This used to be no problem on seats with VTs or on seats with only a
single active session. However, with the introduction of multi-session
capability for seats without VTs, we need to find a way to order sessions
in a stable way.
This patch introduces session "positions". A position is a simple integer
assigned to a session which is never changed implicitly (currently, we
also don't change it explicitly, but that may be changed someday). For
seats with VTs, we force the position to be the same as the VTnr. Without
VTs, we simply find the lowest unassigned number and use it as position.
If position-assignment fails or if, for any reason, we decide to not
assign a position to a session, the position is set to 0 (which is treated
as invalid position).
During session_load() or if two sessions have the same VTnr, we may end up
with two sessions with the same position (this shouldn't happen, but lets
be fail-safe in case some other part of the stack fails). This case is
dealt with gracefully by ignoring any session but the first session
assigned to the position. Thus, session->pos is a hint, seat->positions[i]
is the definite position-assignment. Always verify both match in case you
need to modify them!
Additionally, we introduce SwitchTo(unsigned int) on the seat-dbus-API.
You can call it with any integer value != 0 and logind will try to switch
to the request position. If you implement a compositor or any other
session-controller, you simply watch for ctrl+alt+F1 to F12 and call
SwitchTo(Fx). logind will figure a way out deal with this number.

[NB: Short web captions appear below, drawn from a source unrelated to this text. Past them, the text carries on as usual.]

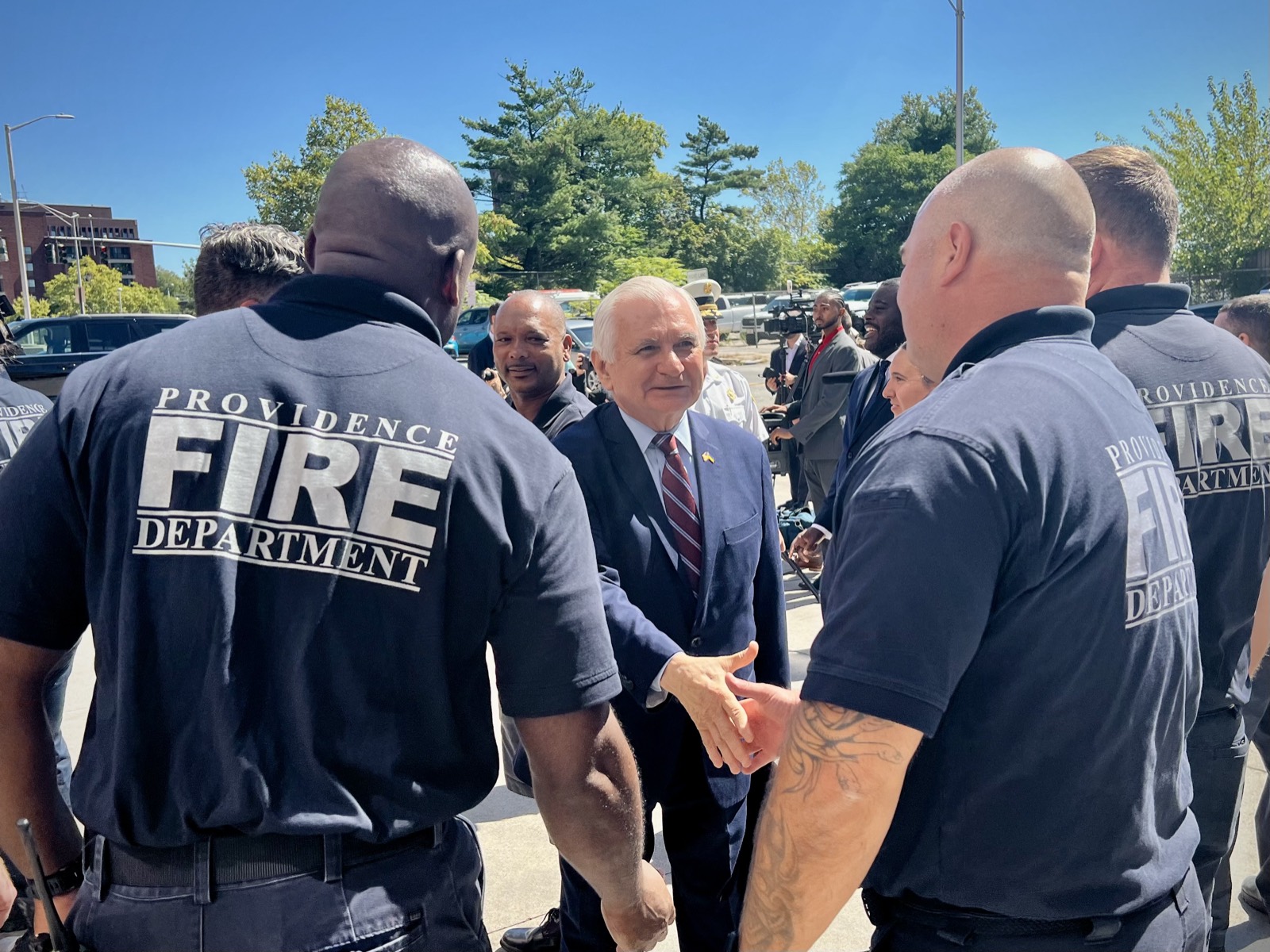 Jack Reed greeting Providence firefighters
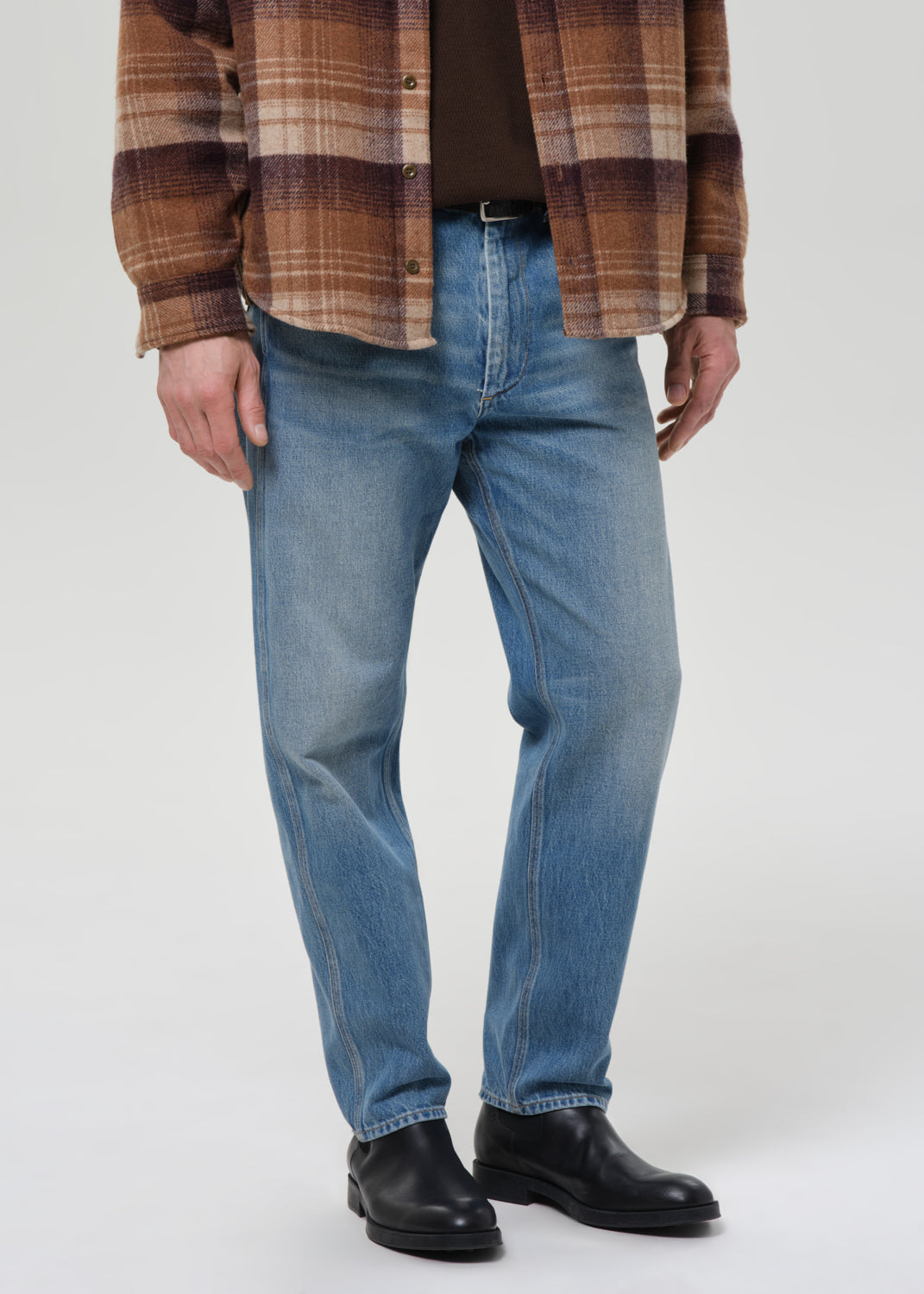 Person wearing light blue straight leg jeans with a brown plaid overshirt on a grey background.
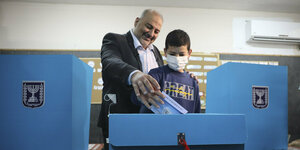 ein Mann mit einem Kind bei der Stimmabgabe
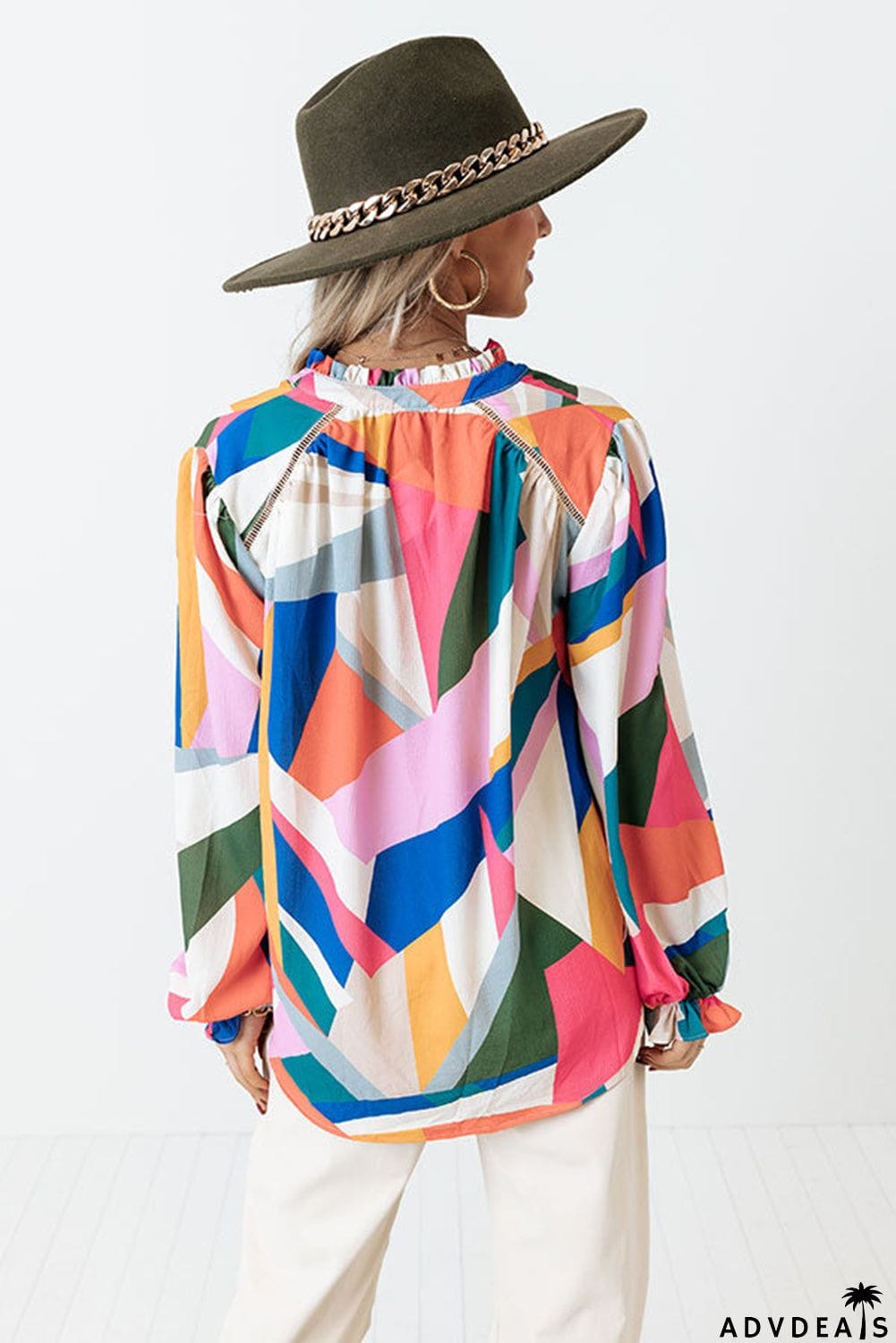 Geometric Patchwork Print Half Buttoned Blouse
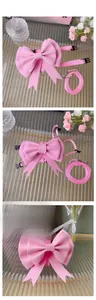 Detailed view of pink bow pet harness and leash set with durable metal D-ring and buckles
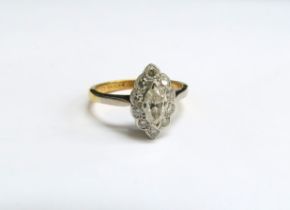 An 18ct gold platinum set diamond ring, the central marquise cut diamond framed by ten round cut
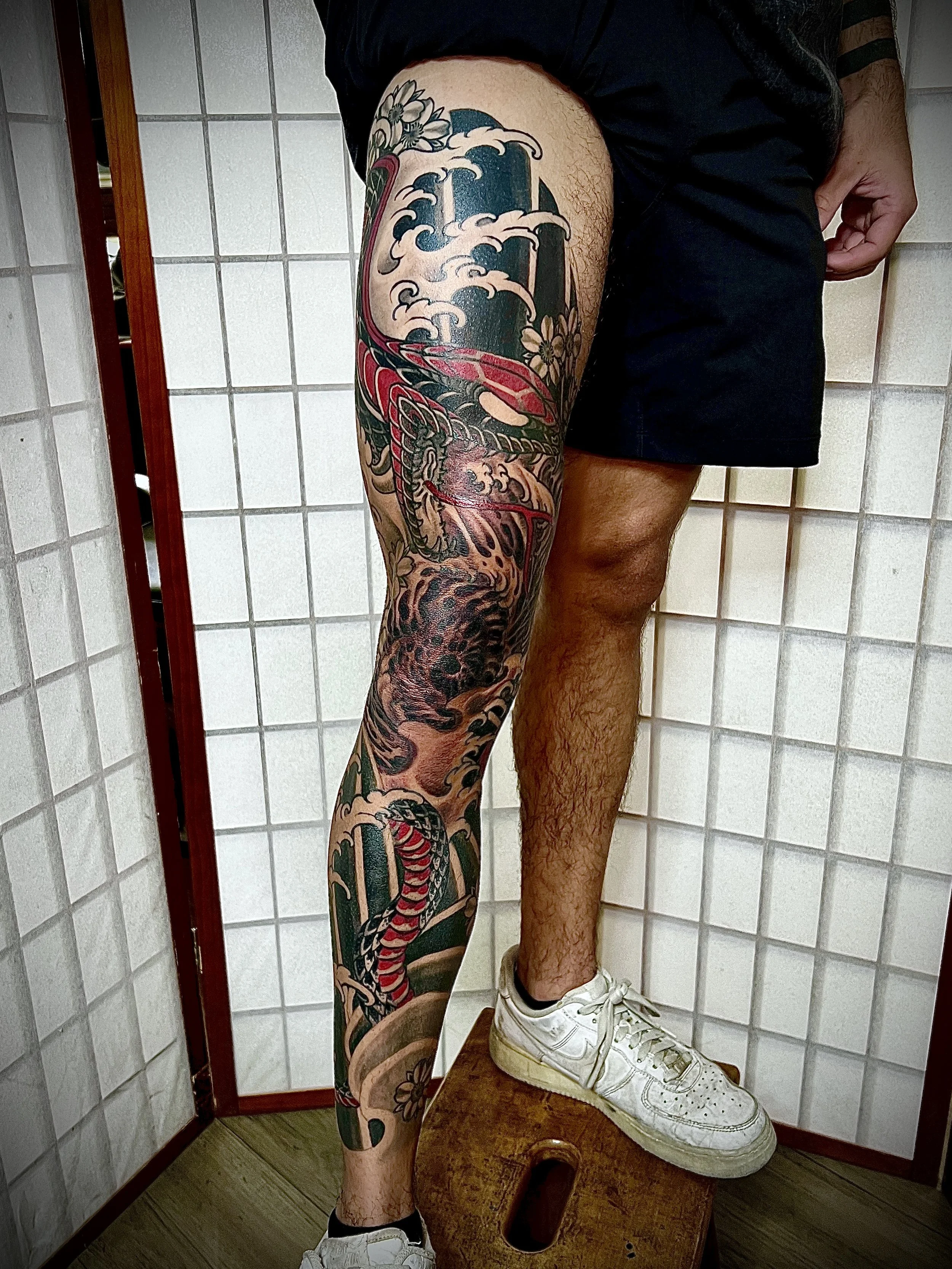 Snake water and cherry blossoms tattoo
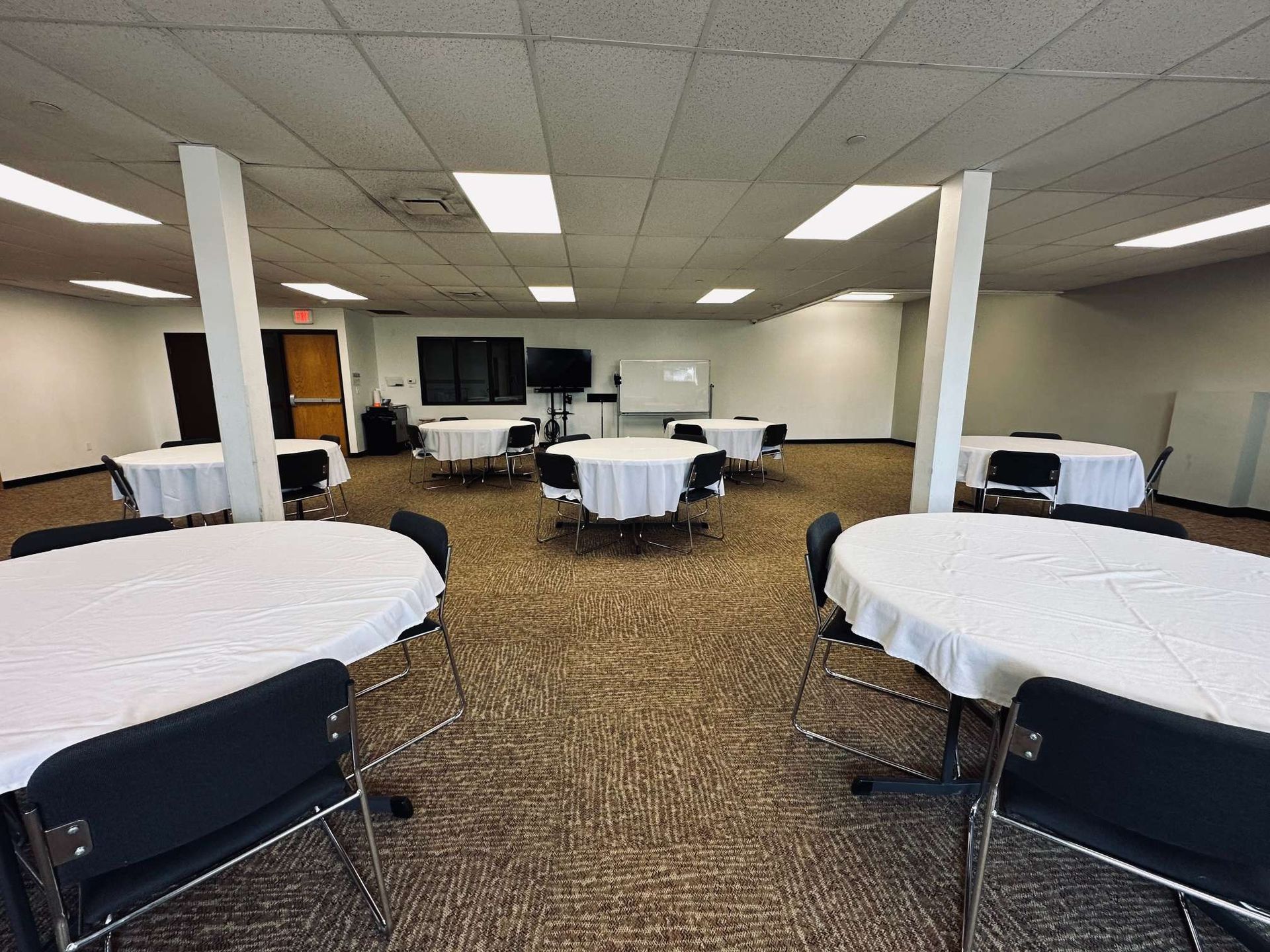 A large room with tables and chairs set up for a banquet.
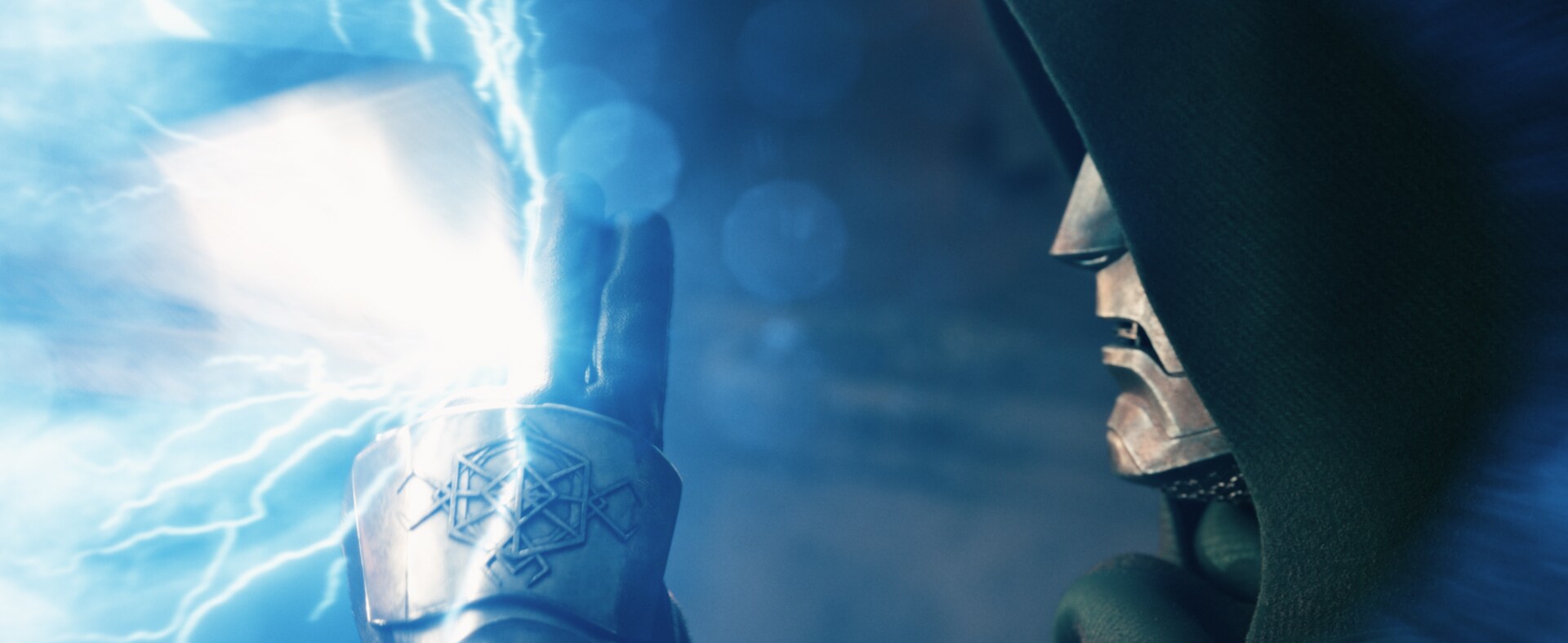 Doctor Doom raises a glowing armored hand in an Avengers: Doomsday trailer still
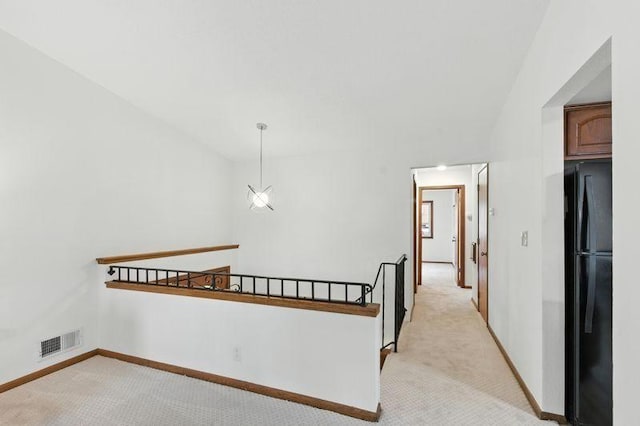 1821 Wilson Ave, Saint Paul, MN 55106 - hall featuring light carpet and an upstairs landing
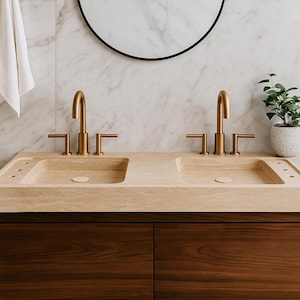 Peut inclure: Un meuble-lavabo de salle de bain moderne avec deux éviers et des robinets dorés. Les éviers sont intégrés dans un comptoir beige clair, au-dessus de meubles en bois brun foncé. Un mur à motifs de marbre et un miroir noir rond complètent le design.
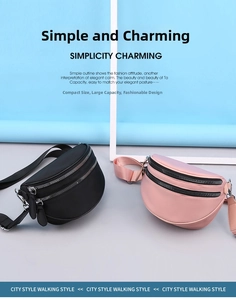 Detail showing dual zippered compartments and adjustable strap of the nylon crescent bag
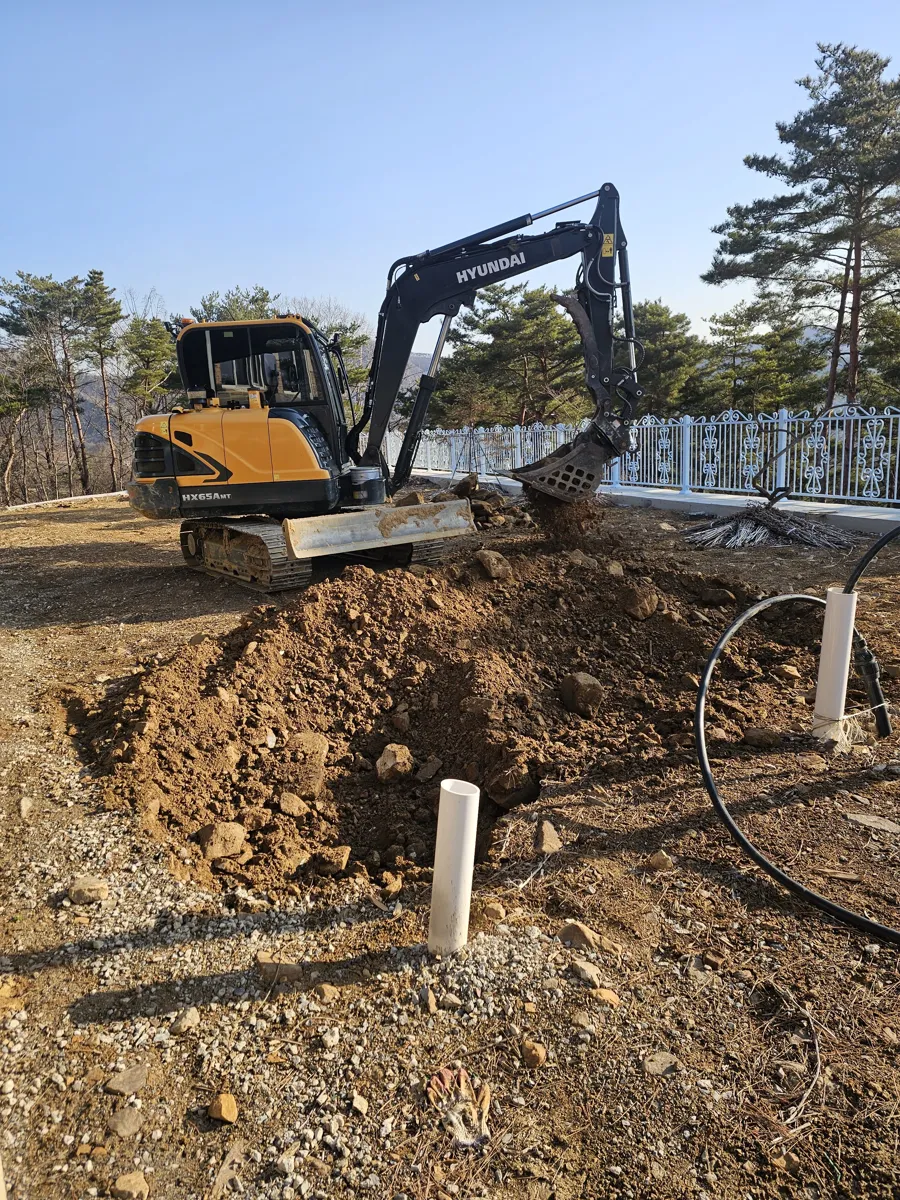 굴삭기로 터파기한 연못 현장에 PVC 배관을 먼저 매설해 둔 여과 배관 준비 모습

For convenience, we also introduce SwitchToNext/Previous(). It should be
called on ctrl+alt+Left/Right (like the kernel-console used to support).
Note that the public API (SwitchTo*()) is *not* bound to the underlying
logic that is implemented now. We don't export "session-positions" on the
dbus/C API! They are an implementation detail. Instead, the SwitchTo*()
API is supposed to be a hint to let logind choose the session-switching
logic. Any foreground session-controller is free to enumerate/order
existing sessions according to their needs and call Session.Activate()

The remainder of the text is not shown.